You might have a toddler if…

From the locker room of my parenting memories…

You might have a toddler if:

1. You have a high tolerance to foul, often putrid, odours.

2. You have excellent night vision, and ‘object on floor’ radar.

3. You have a high tolerance to high pitch, enormous volume squeals even at point blank range.

4. You know the words to numerous children’s TV show themes.

5. You can often be heard asking ‘Can you tell me how to get, how to get to Sesame Street?’ whilst in you are asleep.

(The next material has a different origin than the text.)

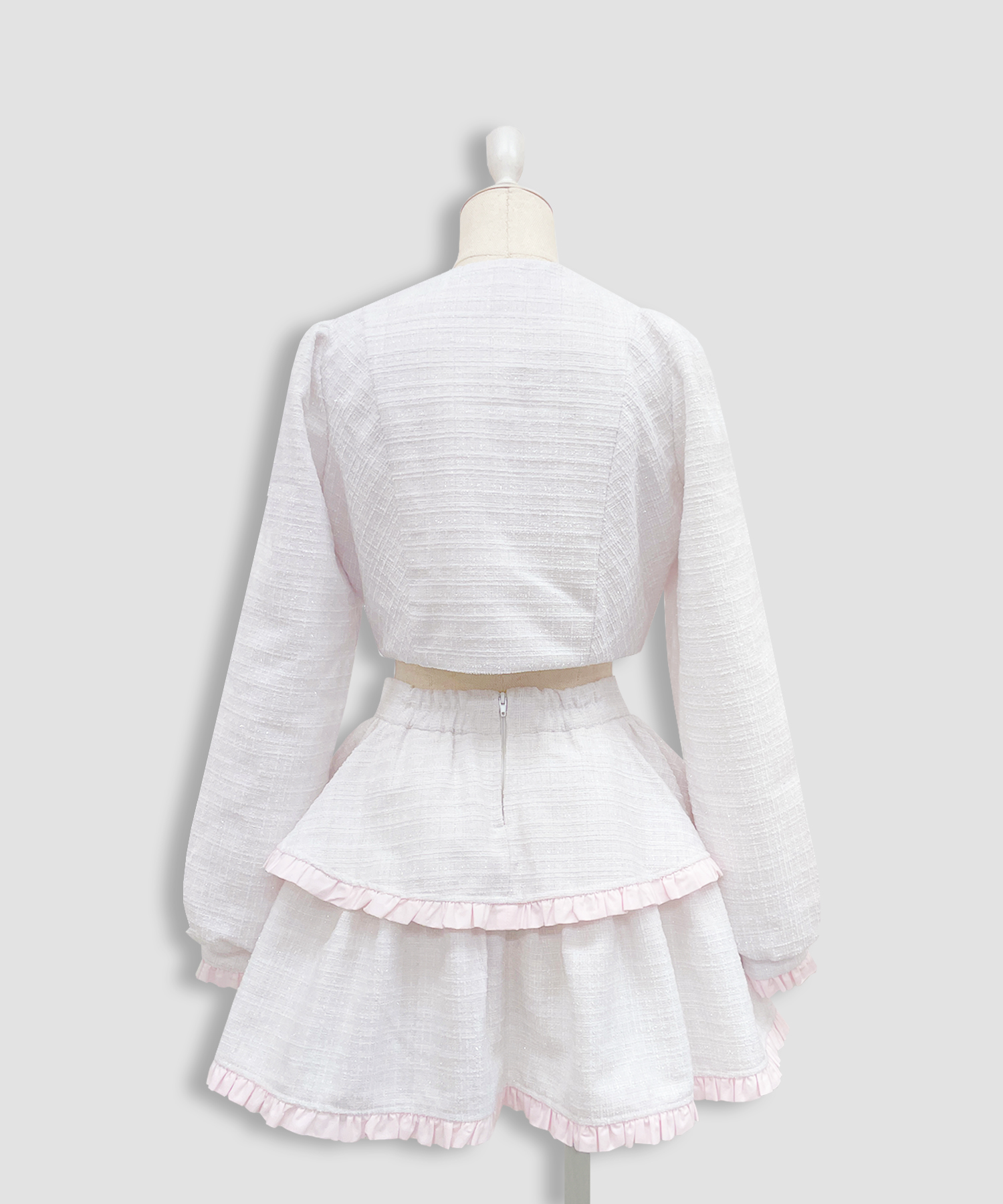 エコファーカラーツイードセットアップ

6. You used to read a novel a week, now the most written stimulation you get is ‘Toy contains moving parts, not suitable for children under 3’.

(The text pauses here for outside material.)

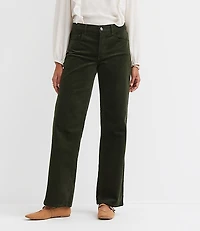 Five Pocket Relaxed Straight Pants Brushed Corduroy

7. You observe the above toy warning and you still give it to your child.

8. Before vacuuming the floor, first you must clear the debris and check for survivors.

9. You are oblivious to the pounding on the toilet door whilst you are inside.

10. When asked if you saw the news, you say ‘Yes, I hear Tinky Winky managed to locate Dipsy’s hat.’

11. You look forward to a day off and when it comes all you can do is sit and absorb the silence.

12. You look forward to a night off and when it comes all you can do is sleep.

13. You convert swear words into vaguely similar or rhyming alternatives.

14. You can often be heard saying, ‘Shhh, now come on now, calm down’, who you are referring to is sometimes the child.

15. When looking for a missing item you look in the toilet bowl.

16. The discovery of pieces of soggy biscuit and other pieces of half-eaten food in your pocket does not disturb you.

17. Your pets often appear traumatised or can rarely be seen out in the open space.